For the sake of this laboratory, we chose T 20 topics and sampled uniformly only documents belonging to them. As a consequence, you have K 20,000 documents uniformly distributed across T different topics. You can download the dataset at: https://github.com/dbdmg/data-science-lab/blob/master/datasets/T-newsgroups.zip?raw=true Each document is located in a different file, which contains the raw text of the news. The name of the file in an integer number and corresponds to its ID.
2 Exercises
Note that exercises marked with a (*) are optional, you should focus on completing the other ones first.
2.1 Newsgroups clustering
In this exercise you will build your first complete data analytics pipeline. More specifically, you will load, analyze and prepare the newsgroups dataset to finally identify possible clusters based on topics. Then, you will evaluate your process through any clustering quality measure.
- Load the dataset from the root folder. Here the Pythons os module comes to your help. You can use the os.listdir function to list files in a directory.
- Focus now on the data preparation step. As you have learned in laboratory 2, textual data needs to be processed to obtain a numerical representation of each document. This is typically achieved via the application of a weighting schema.
Choose now one among the weighting schema that you know and transform each news into a numerical representation. The Python implementation of a simple TFIDF weighting schema is provided in section 2.1.1, you can use it as starting point.

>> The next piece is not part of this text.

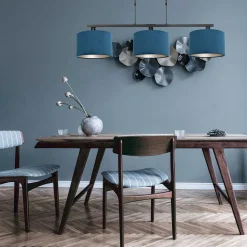 Steinhauer Hanglamp Stang 3-Lichts Velours Blauw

This preprocessing phase is likely going to influence the quality of your results the most. Pay enough attention to it. You could try to answer the following questions:
- Which weigthing schema have you used?
- Have you tried to remove stopwords?
- More generally, have you ignored words with a document frequency lower than or higher than a given threshold?
- Have you applied any dimensionality reduction strategy? This is not mandatory, but in some cases it can improve your results. You can find more details in Appendix 3.
- Once you have your vector representation, choose one clustering algorithm of those you know and apply it to your data.
- You can now evaluate the quality of the cluster partitioning you obtained. There exists many metrics based on distances between points (e.g. the Silhouette or the Sum of Squared Errors (SSE)) that you can explore. Choose one of those that you known and test your results on your computer.
- Consider now that our online system will evaluate your cluster quality based on the real cluster labels (a.k.a. the ground truth, that you do not have). Consequently, it could happen that a cluster subdivision achieves an high Silhouette value (i.e. geometrically close points were assigned to the same cluster) while the matching with the real labels gives a poor score (i.e. real labels are heterogeneous within your clusters).
In order to understand how close you came to the real news subdivision, upload your results to our online verification system (you can perform as many submission as you want for this laboratory, the only limitation being a time limit of 5 minutes between submissions). Head to Section 3 to learn more about it.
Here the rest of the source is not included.